Getting “a grip” (on MY back pain) — 2 Comments

  1. Actually, I don’t really understand this.”And where does the Alexander Technique come in?

    Don’t do this as an exercise with multiple repetitions!
    Slow down and explore!
    Do not hold your breath!
    Do not pull down and tighten your neck!
    Find the muscles you do not want to work: Gluteus Maximus, pelvic floor, abdominals, diaphragm, intercostal muscles…” And I DO want to ask you for your thoughts on my cerebellar ataxia which plagues my balance and ability to walk. My sister Deb S. lives in Cheshire; maybe I’ll catch up w/ you someday! Hope your back pain gets better. Try hot peppers? :>)

    • Hello Bob,
      Thank you for reading my blog and for engaging with its content.

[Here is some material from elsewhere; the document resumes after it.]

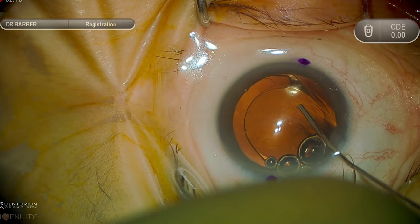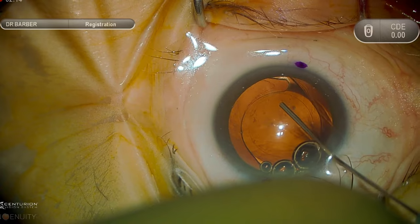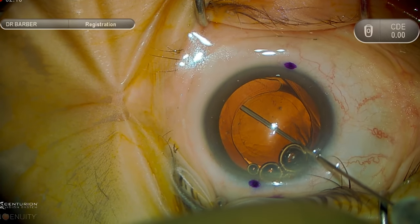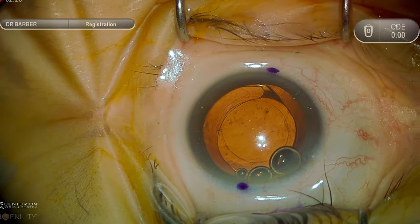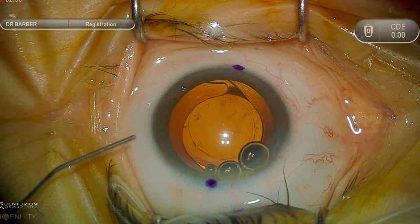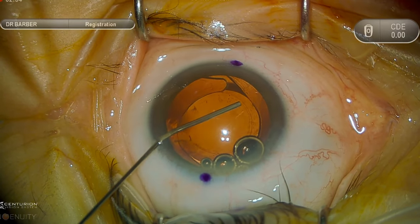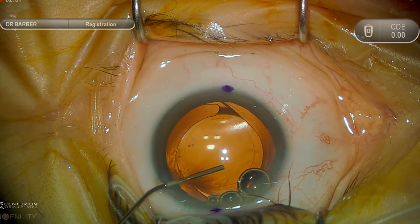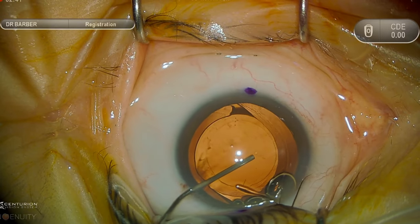You can see here we're carefully dissecting the anterior capsule from the anterior surface of the lens implant. This viscodissection is the most effective way for cases such as this where there's minimal capsular fibrosis. With the Alcon lens, the terminal bulb at the end of the haptic is where the capsular fibrosis tends to accumulate the most, so visualizing that and being aware of it is crucial.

      My description of muscles and how to squeeze them to stabilize the pelvis could be understood as an exercise program. That is not what I am trained to do and it’s not what the Alexander Technique is about. I wanted to share my discovery of a muscle group that is a bit tricky to locate and how the journey has helped me tremendously. In lessons I can offer a more quiet mind body approach to physical demands. I hope that makes sense.

      Working on balance is a part of my teaching with almost all students, the older we get, the more it becomes part of lessons. Over the years I also found that the most simple procedures of the Alexander Technique help symmetry and awareness and therefore balance.